Chocolate, coconut and my taste buds are a winning trifecta. My taste buds don’t lie. In the past I’ve made ice cream, granola, chewy squares, almond joy copycats, banana bread, and my favourite macaroon squares. And now I can add this golden squash coconut chocolate chip loaf to the growing list. I wanted to use up a really large patty pan squash and some random bits of crookneck squash. I loved how vibrant yellow their skins were and figured they’d nicely fleck in the batter. You can see their brilliant colour above dotting the loaf.
The loaf has a nice tender crumb and isn’t too sweet. It also goes lovely with your morning coffee or evening tea.
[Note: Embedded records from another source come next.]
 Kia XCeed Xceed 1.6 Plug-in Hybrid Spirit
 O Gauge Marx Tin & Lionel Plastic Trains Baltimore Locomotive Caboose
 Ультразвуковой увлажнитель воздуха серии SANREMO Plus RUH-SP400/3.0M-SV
Instead of using the usual shredded coconut, I used the wider coconut ribbons (sometimes called coconut chips) which I can find at my local co-op grocer and I’m sure carried at local specialty stores. The ribbon coconut adds a sturdy texture and good chew, but plain old shredded would be a-okay too.
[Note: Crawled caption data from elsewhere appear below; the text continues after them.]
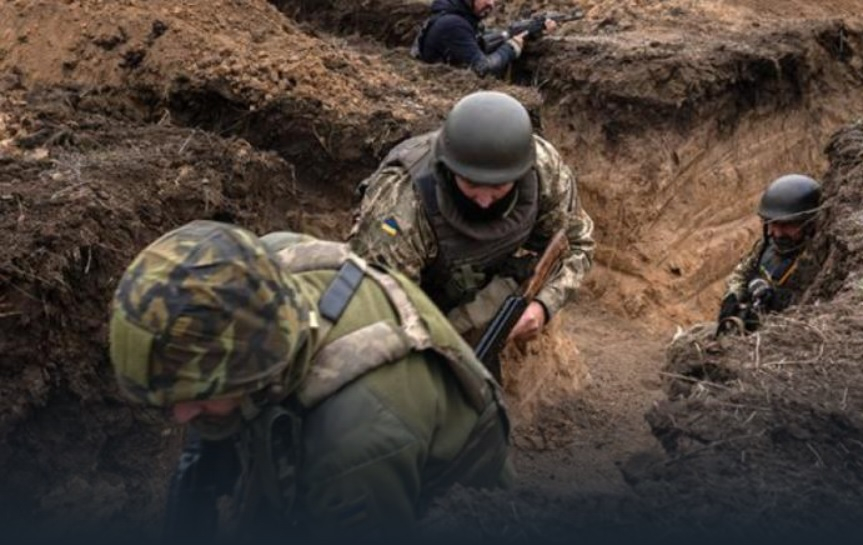 Войници от ВСУ са удържали позициите си след като 70 дни са били обкръжени СНИМКА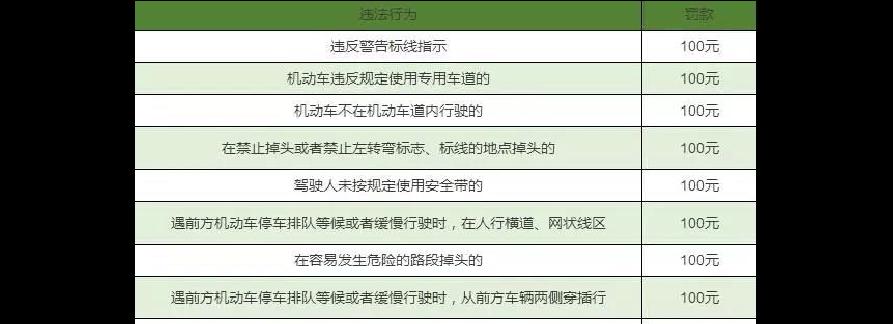 线上处理违章扣分罚款的便捷方法（快速）  第2张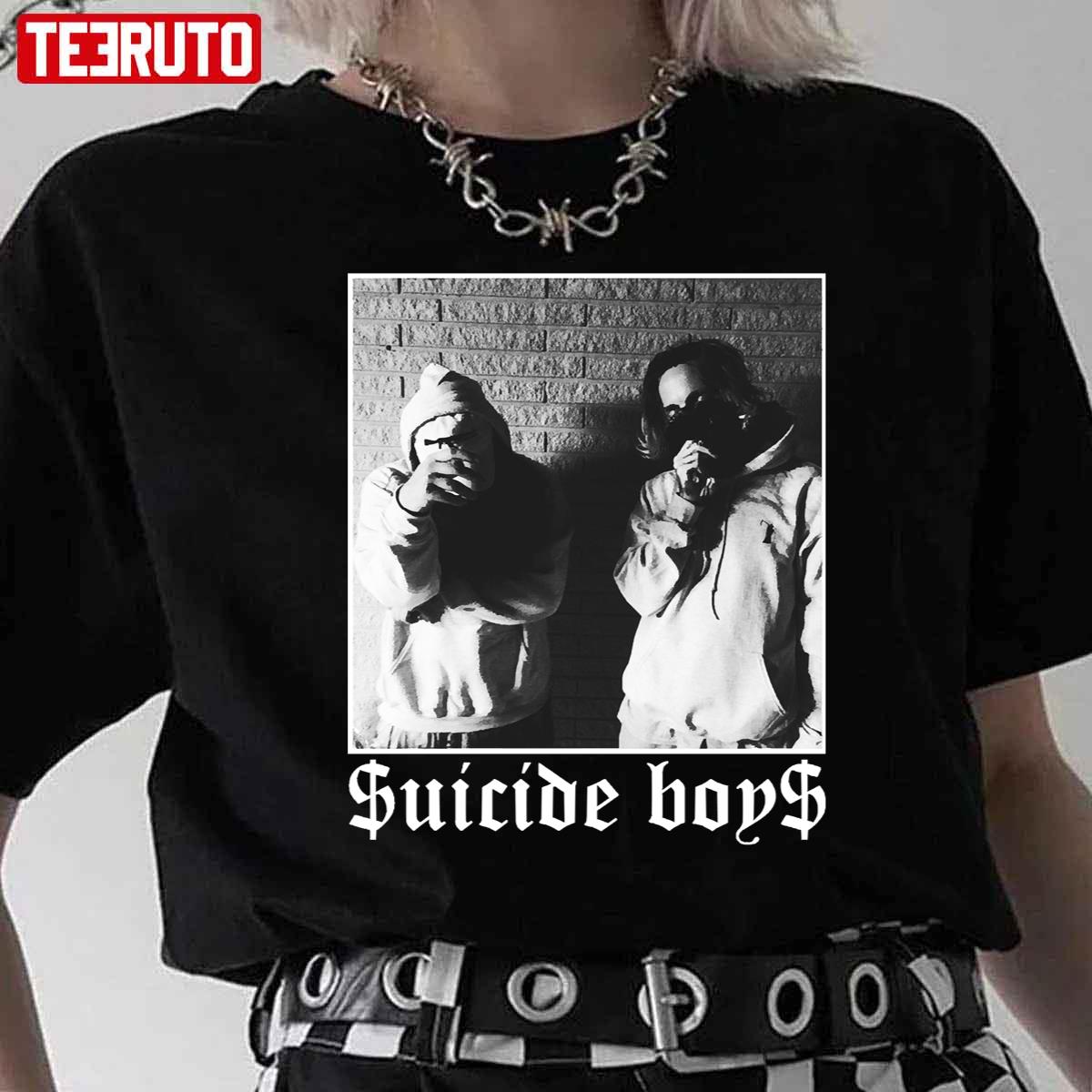 $uicideboy$ Suicideboys HipHop Street Wears Unisex T-Shirt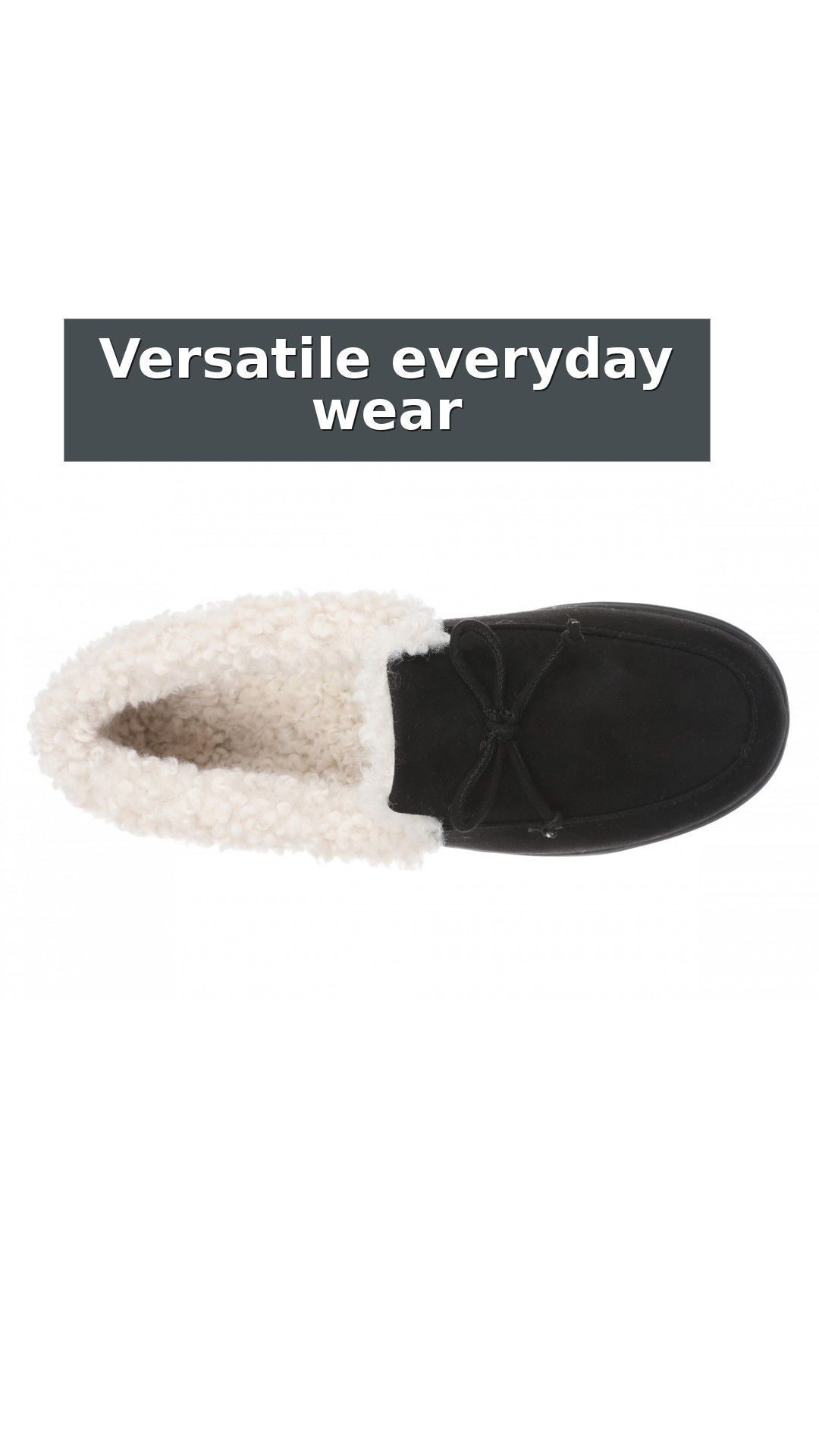 Vionic Claribel Slipper - Women's Cozy Orthotic Arch Support House Slipper style detail 11: Versatile everyday wear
I’d like to mention that Frankie magazine wrote a sweet little poem about my blueberry buckwheat bundt cake. How awesome is that? Also, by popular demand, I have included a handy “print this” function for all my recipes. You’ll find the print icon just below each recipe. One day when I get to my re-design I’ll have a lovely custom print out, but in the meantime, this works really well. Whooo!
golden squash coconut-chocolate chip loaf
I used a large patty pan squash and a crookneck squash. Zucchini would be an easy substitute, but I think a grated fall squash or yams could do something interesting here – and you wouldn’t need to squeeze out any excess liquid either. You know, just thinking aloud for next time.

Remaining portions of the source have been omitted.